**Material supplied**
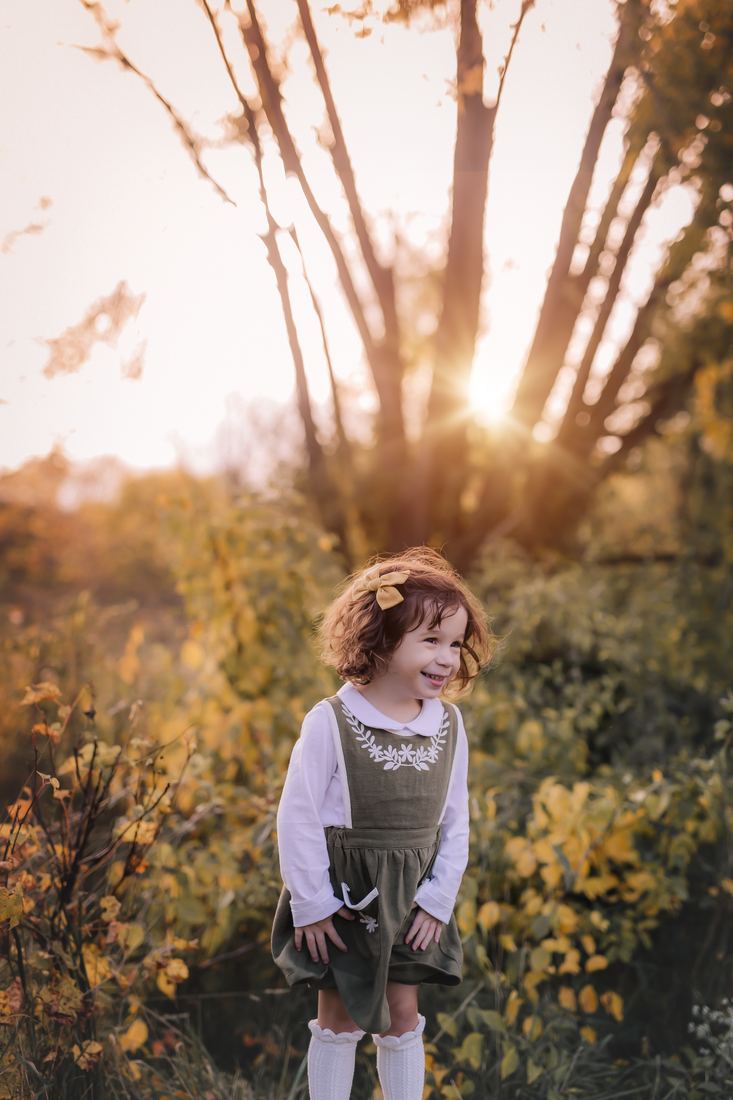 A girl in an olive pinafore and mustard hair bow laughing in an autumn thicket, the sun low through the trees behind her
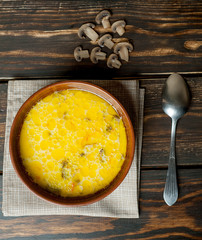 soup with mushrooms on a wooden table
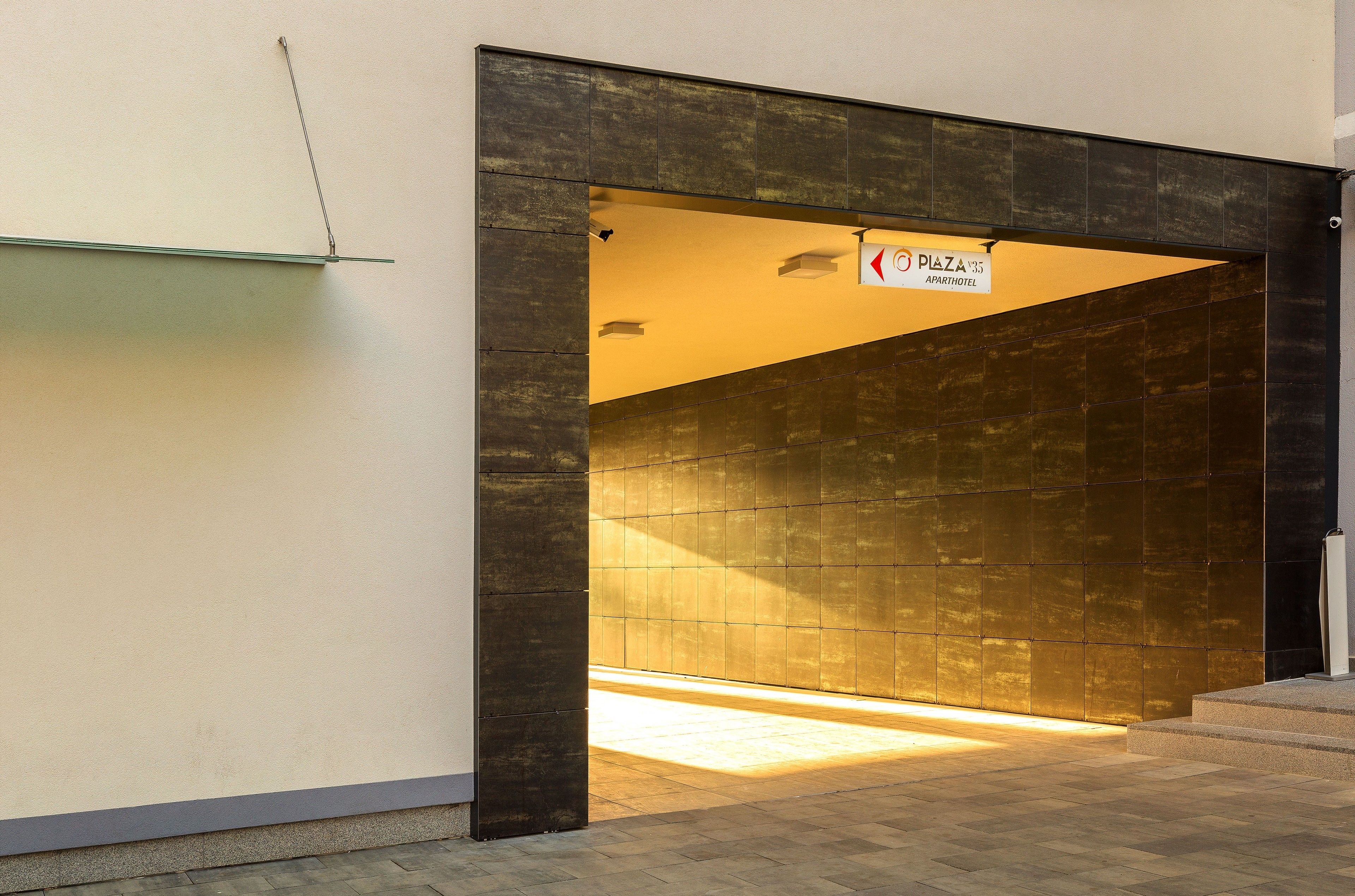 A modern building entrance with a sign for 'Plaza 375 Apart Hotel'.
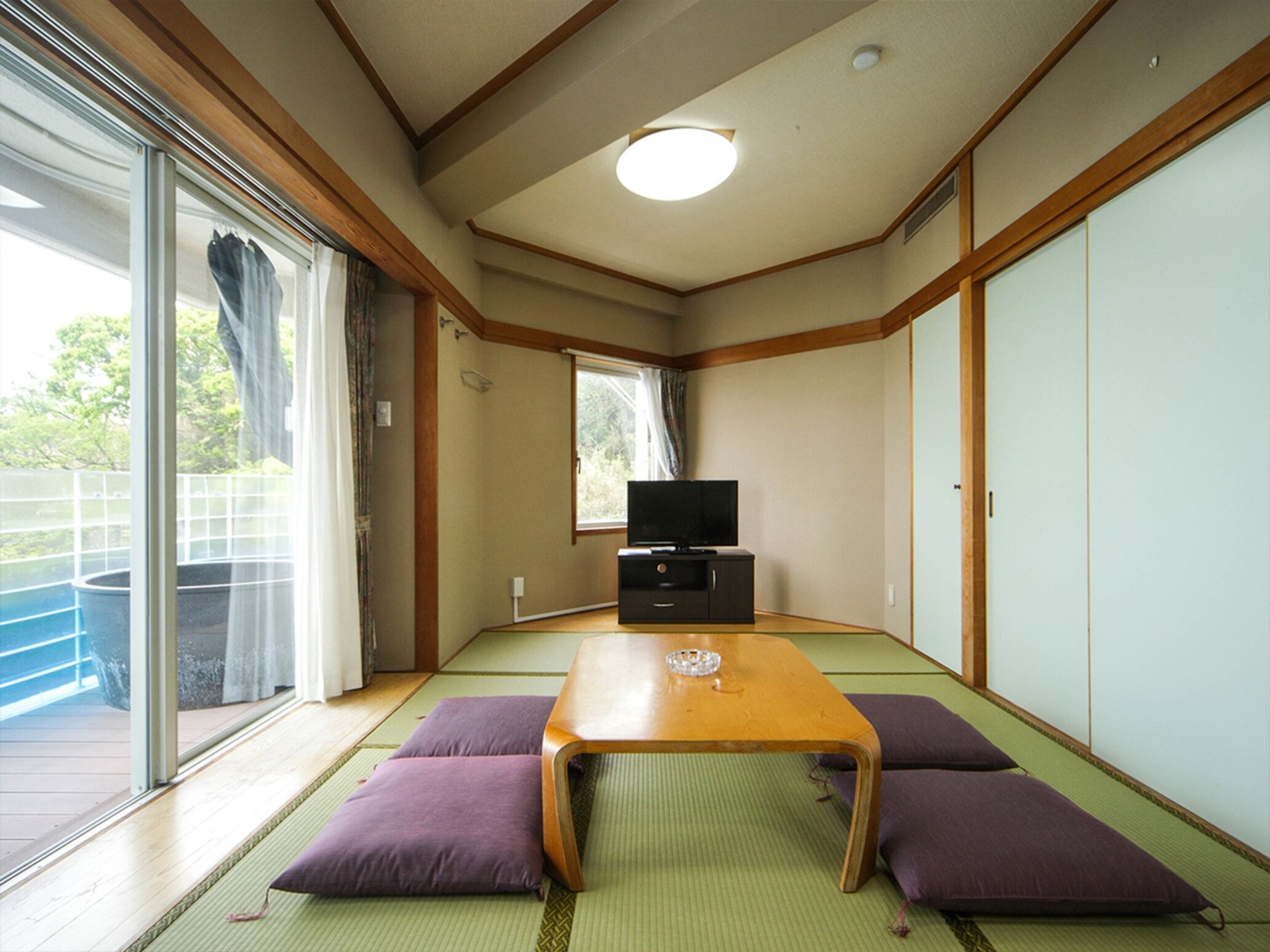 Een traditionele Japanse kamer met tatami vloerbedekking, een lage houten tafel en paarse kussens.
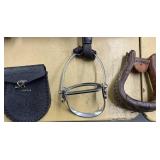 Two stirrups and a saddle bag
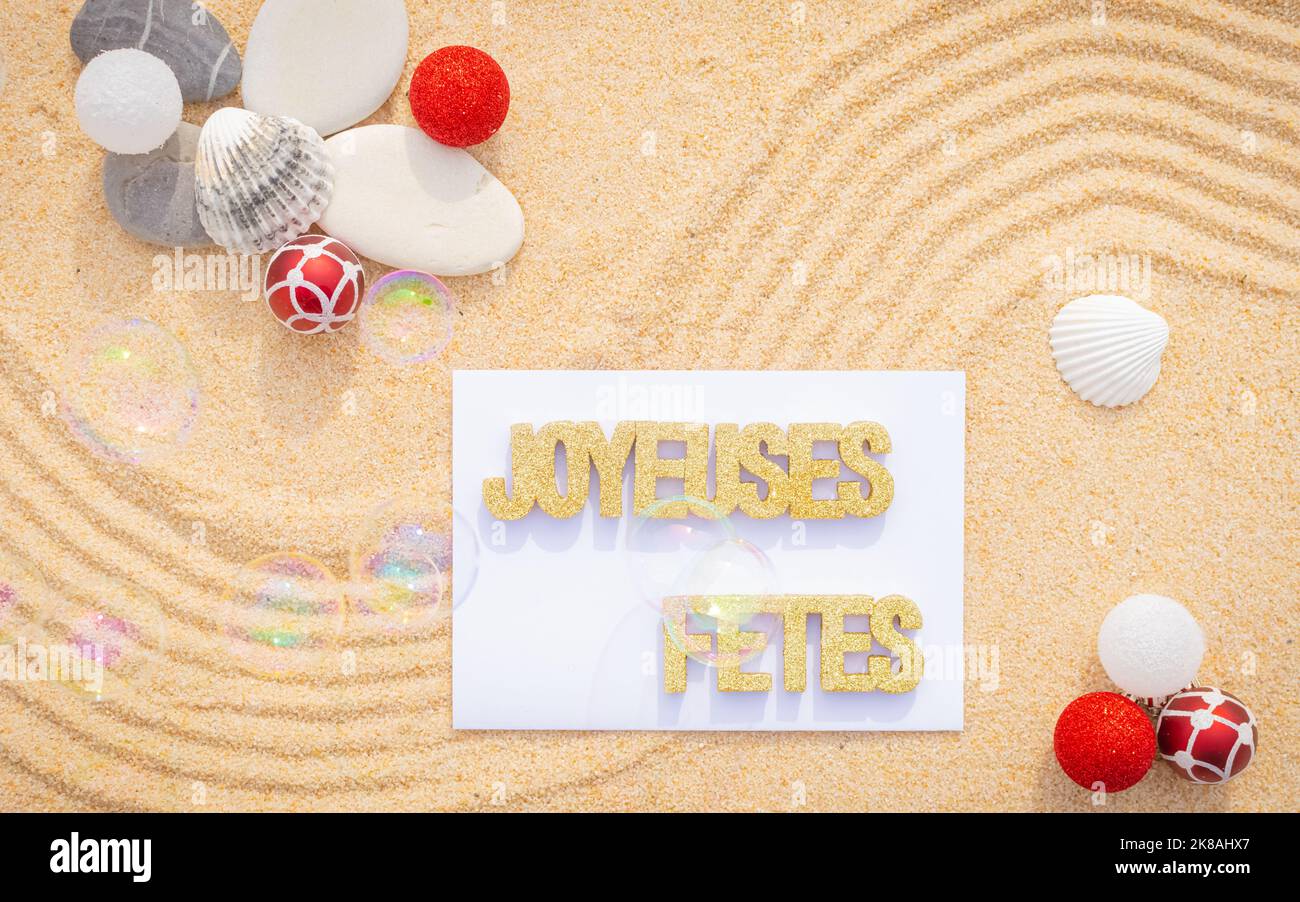 Sfondo sabbia di mare, sabbia fine spiaggia con ciottoli e baubles di Natale. Messaggio buone feste. Foto Stock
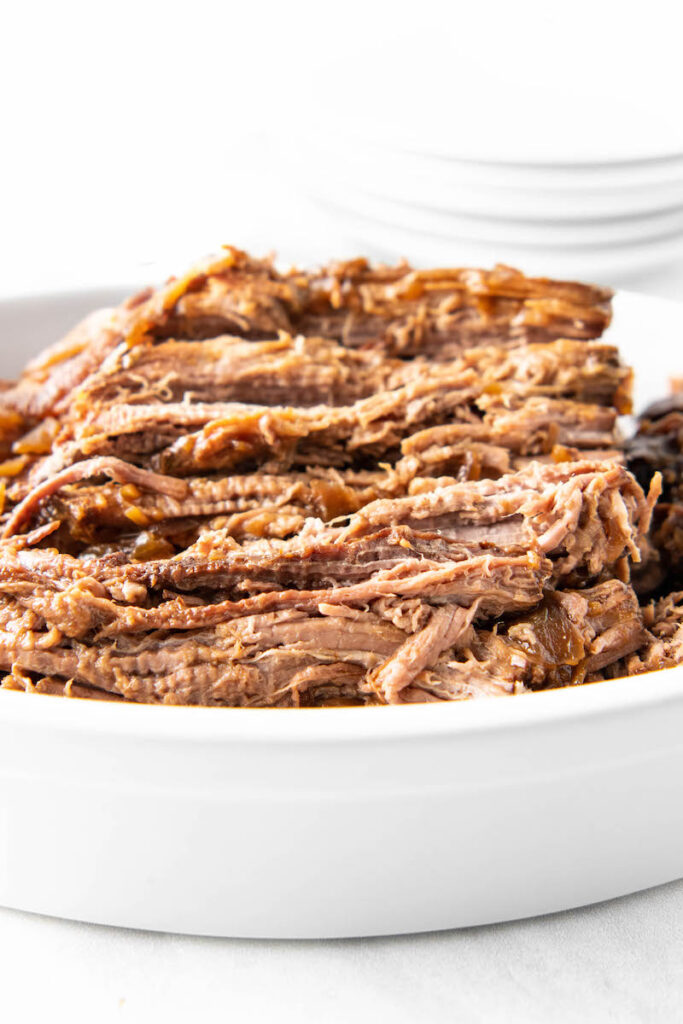 A close up shot shows shredded beef stacked in a clean white bowl.
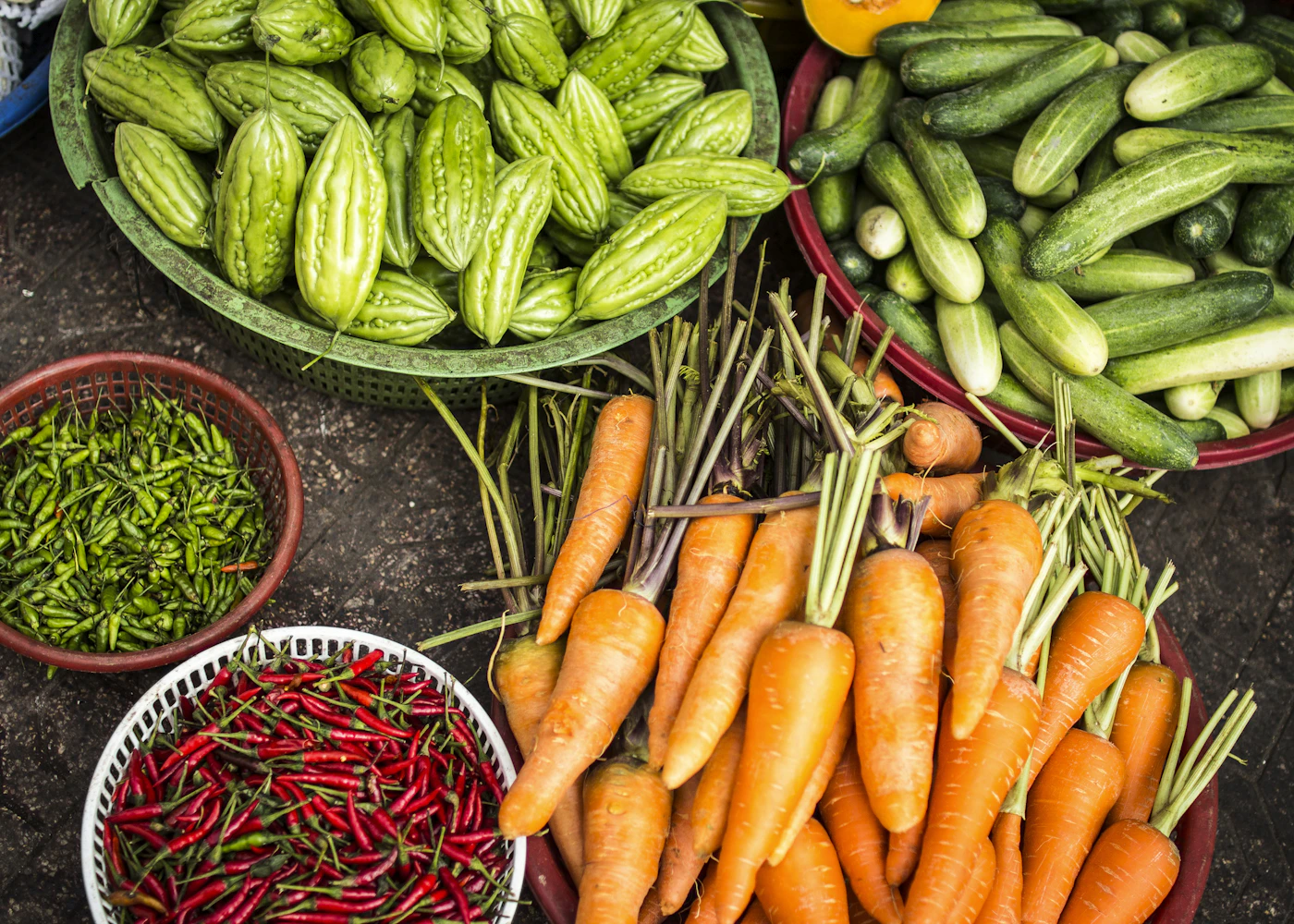 Fresh vegetables in market baskets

**What you will do**
Starting with the first line of the material above and ending with the line that holds "Two stirrups and a saddle bag", write out those lines exactly, without pictures.

**Result of this task**
 A girl in an olive pinafore and mustard hair bow laughing in an autumn thicket, the sun low through the trees behind her
 soup with mushrooms on a wooden table
 A modern building entrance with a sign for 'Plaza 375 Apart Hotel'.
 Een traditionele Japanse kamer met tatami vloerbedekking, een lage houten tafel en paarse kussens.
 Two stirrups and a saddle bag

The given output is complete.